This pattern is often known as Request Response or similar terms. You should only use it when absolutely needed as it increases coupling and effectively turn your service into a Synchronous system but it does have it’s uses and advantages as seen above.

Sample Code
I’ll show 2 quick samples of how this conversation flow works in code and expand a bit into the details wrt to the ActiveMQ JMS Broker. The examples will just have the main working part of the code not the bits that would set up connections to the brokers etc, look in part 2 for some of that.

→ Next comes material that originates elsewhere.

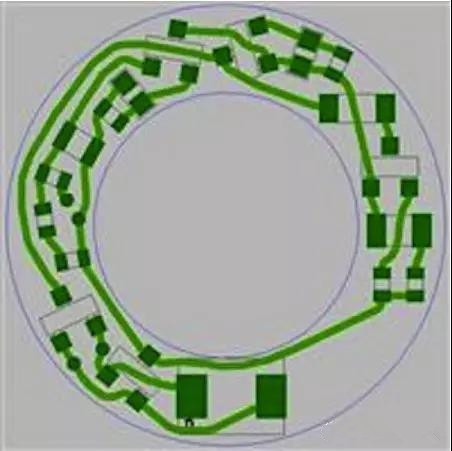 圖6：PCB布線(xiàn)例子：(a)拓?fù)涫阶詣?dòng)布線(xiàn)器(完成了100%導(dǎo)線(xiàn)的布線(xiàn))；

My example will create a service that generates random data using OpenSSL, maybe you have some reason to create a very large number of these and you need to distribute it across many machines so you do not run out of entropy.

As this is basically a Client / Server relationship I will use these terms, first the client part – the part that requests a random number from the server:

stomp.subscribe("/temp-queue/random_replies")
stomp.publish("/queue/random_generator", "random", {"reply-to" => "/temp-queue/random_replies"})
 
Timeout::timeout(2) do
   msg = stomp.receive
 
   puts "Got random number: #{msg.body}"    
end

This is pretty simple, the only new thing here is that we are subscribing first to a Temporary Queue that we will receive the responses on and we send the request including this queue name. Below will have some more detail on temp queues and temp topics. The timeout part is important you need this to be able to handle the case where all of the number generators died or if the service is just too overloaded to service the request.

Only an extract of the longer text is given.